Submissions from Readers

Sensory problem

by Kate

Question:How normal is it to lose the sense of heat and cold on the side of the stroke? My partner cannot determine hot things at all. What can I do to help him?

Answer It is not uncommon to have sensory issues after stroke including impairment with detecting hot and cold. This particular sensory pathway controls pain and temperature. You can visit the sensory re-education page on this website for ideas if he is having other sensory issues as well. Ideas to help with problems detecting heat/cold include:

Apply cold and warmth in alternating fashion to his skin and see if he can detect temperature differences (you can put very warm water in a cup and ice cold water in another cup and alternate placing them against his skin for at least 3 seconds each). Have him focus on any difference he feels so that he can become more aware of temperature. He may not feel hot/cold but may notice subtle differences in the sensation felt which he can begin to identify with hot or cold. It's best to do the activity with his eyes closed.

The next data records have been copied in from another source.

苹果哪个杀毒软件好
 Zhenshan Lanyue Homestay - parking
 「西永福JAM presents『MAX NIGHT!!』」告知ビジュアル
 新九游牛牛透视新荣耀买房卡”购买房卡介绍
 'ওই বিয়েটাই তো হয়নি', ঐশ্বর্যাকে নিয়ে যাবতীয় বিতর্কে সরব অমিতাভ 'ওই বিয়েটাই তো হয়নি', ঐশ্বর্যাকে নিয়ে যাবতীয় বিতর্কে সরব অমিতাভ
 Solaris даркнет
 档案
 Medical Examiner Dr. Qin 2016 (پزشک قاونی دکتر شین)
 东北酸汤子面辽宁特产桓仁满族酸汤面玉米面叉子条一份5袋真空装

If he cannot detect the difference at all, apply the heat/cold first to his non-affected side and then to his affected side to help give him some feedback.

Tell him to always check the temperature of water with his non-affected hand before getting into a bath/shower or washing his hands. He should also avoid standing around hot surfaces and using sharp objects as he will have trouble detecting pain/temperature on the affected side.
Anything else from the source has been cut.